▶ Work request:
Would you transcribe the listing exactly as it stands, minus any images?
++++ Information provided ++++
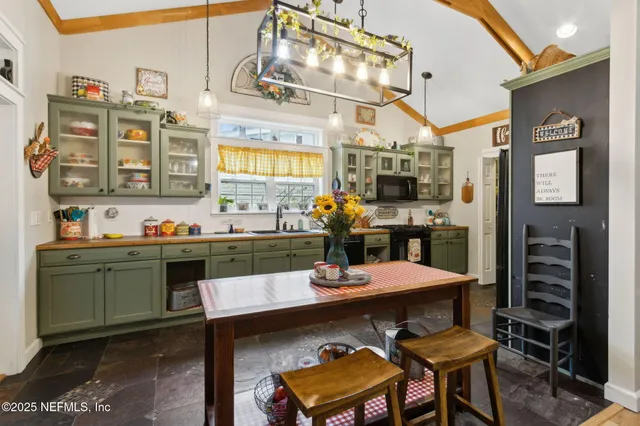 a view of a dining room with furniture and chandelier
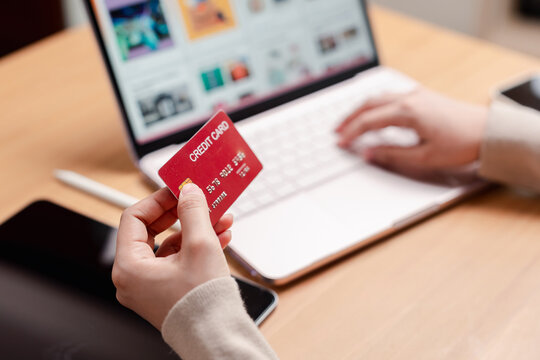 Online shopping and digital payment concept. Hand holding a red credit card while typing on laptop keyboard.
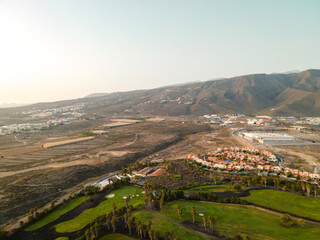 Tenerife, a town on the Atlantic Ocean. Sunny coast and dry soil. Ocean, water, waves, blue ocean.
++++
▶ Answer section:
 a view of a dining room with furniture and chandelier
 Online shopping and digital payment concept. Hand holding a red credit card while typing on laptop keyboard.
 Tenerife, a town on the Atlantic Ocean. Sunny coast and dry soil. Ocean, water, waves, blue ocean.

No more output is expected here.